WHAT IS EXPECTED »
Instruction for the entries that follow: retype exactly the lines from the line with "Machine Washable Indoor/Outdoor" to the line with "ベルギー製 100%ウール ウィルトン織 ペルシャ絨毯柄 350×250cm", both included, and omit all others.

ENTRIES SHOWN »
-=-=-

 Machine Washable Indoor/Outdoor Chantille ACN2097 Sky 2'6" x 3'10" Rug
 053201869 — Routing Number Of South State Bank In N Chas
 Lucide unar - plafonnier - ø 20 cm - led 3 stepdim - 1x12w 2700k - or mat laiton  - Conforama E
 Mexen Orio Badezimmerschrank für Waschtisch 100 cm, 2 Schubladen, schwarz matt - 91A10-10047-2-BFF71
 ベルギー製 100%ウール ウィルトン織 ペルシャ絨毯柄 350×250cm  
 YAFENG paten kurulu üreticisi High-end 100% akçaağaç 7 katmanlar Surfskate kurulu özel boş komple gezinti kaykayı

-=-=-

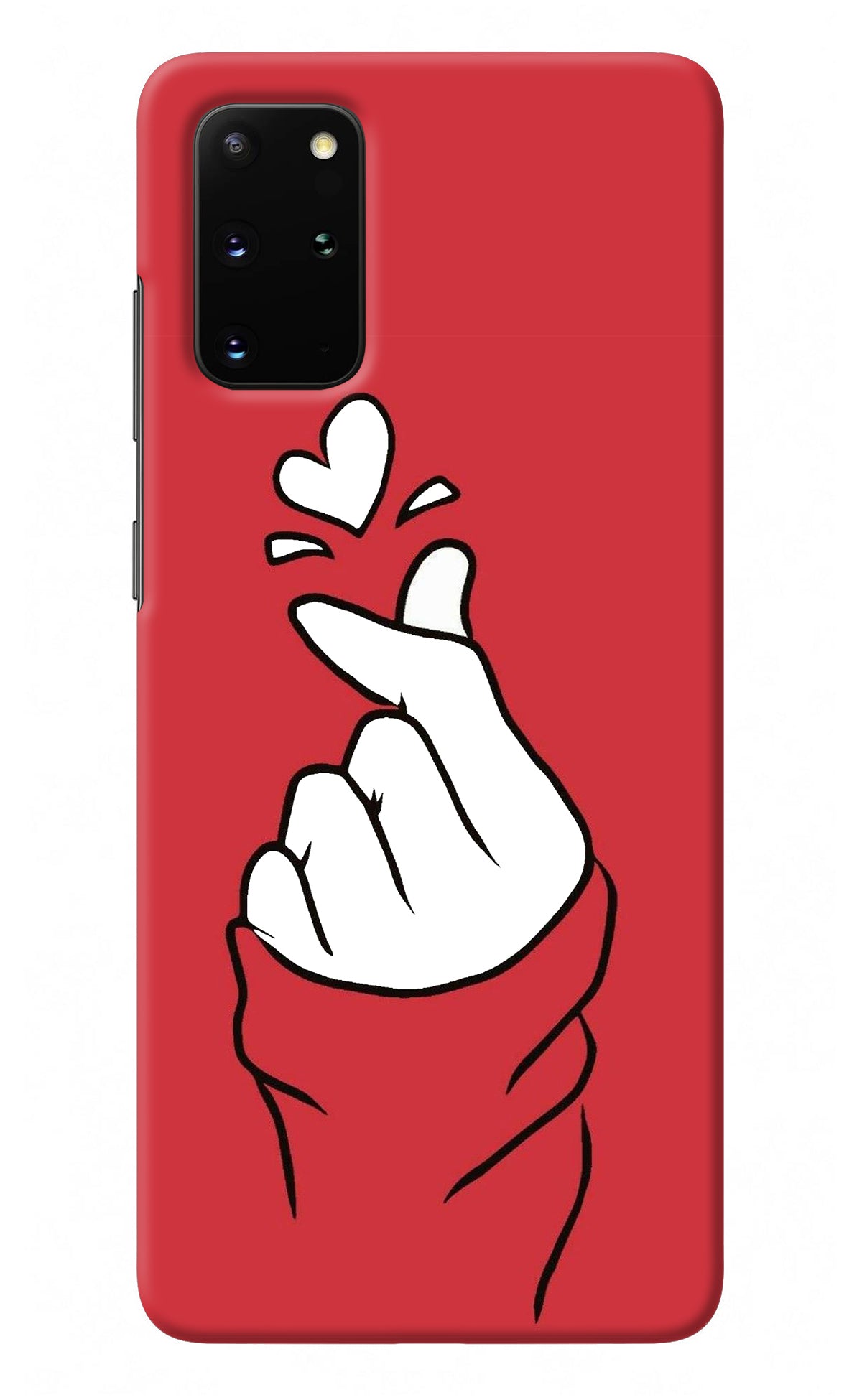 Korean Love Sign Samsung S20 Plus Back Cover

-=-=-

ANSWER BOX »
 Machine Washable Indoor/Outdoor Chantille ACN2097 Sky 2'6" x 3'10" Rug
 053201869 — Routing Number Of South State Bank In N Chas
 Lucide unar - plafonnier - ø 20 cm - led 3 stepdim - 1x12w 2700k - or mat laiton  - Conforama E
 Mexen Orio Badezimmerschrank für Waschtisch 100 cm, 2 Schubladen, schwarz matt - 91A10-10047-2-BFF71
 ベルギー製 100%ウール ウィルトン織 ペルシャ絨毯柄 350×250cm  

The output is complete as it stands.